__Dataset content__
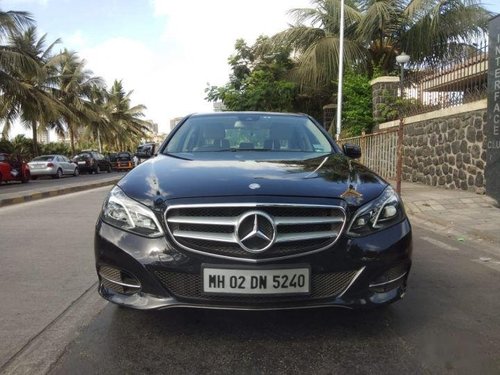 Mercedes Benz E Class 2014 for sale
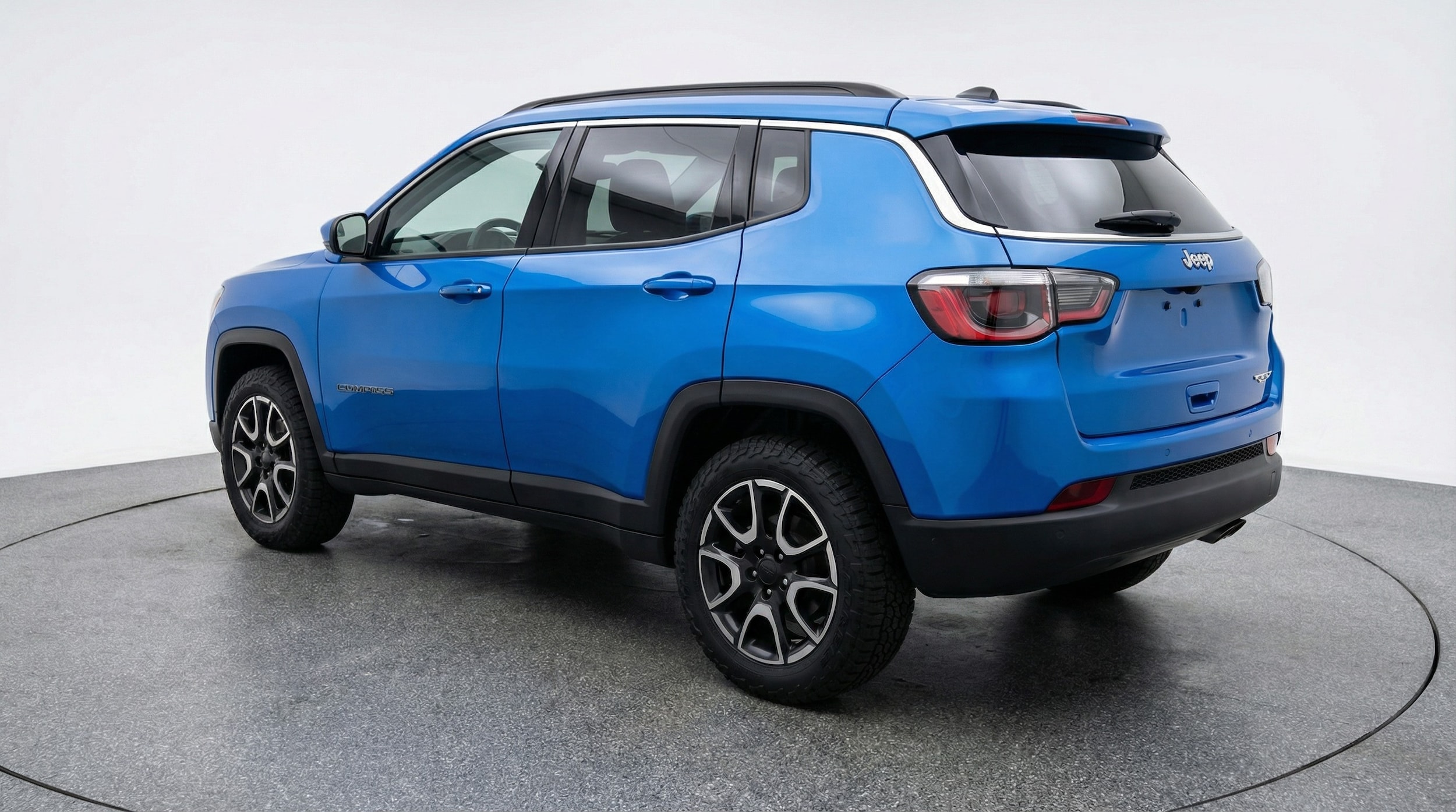 Thumbnail: 2025 Jeep Compass - 5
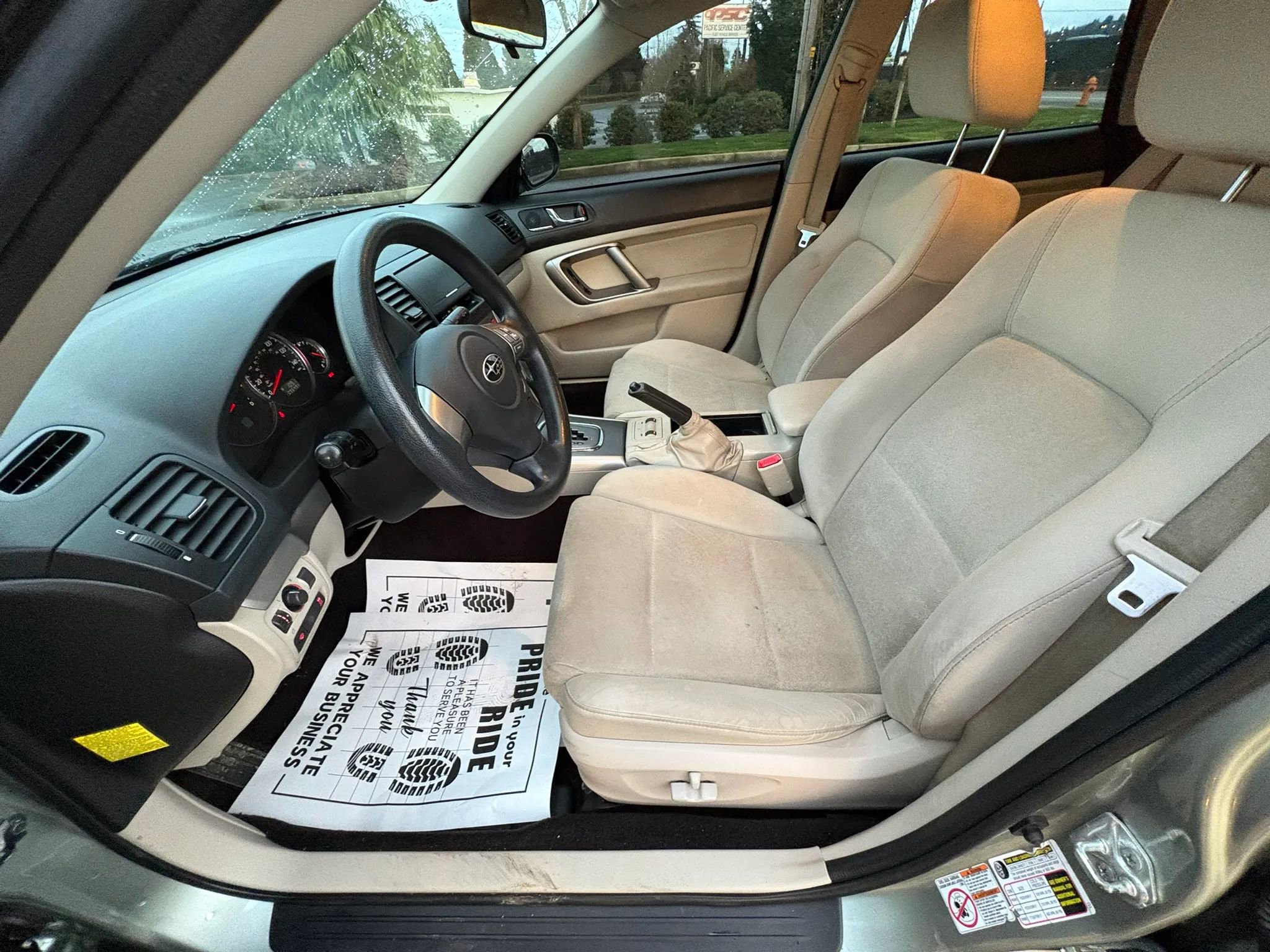 Used 2009 Subaru Outback 2.5i Special Edition image 11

__Exercise aim__
Could you write out verbatim only those lines that run from the line containing "Thumbnail: 2025 Jeep Compass - 5" through the end of the listing above, both included, without the pictures?

__Worked solution__
 Thumbnail: 2025 Jeep Compass - 5
 Used 2009 Subaru Outback 2.5i Special Edition image 11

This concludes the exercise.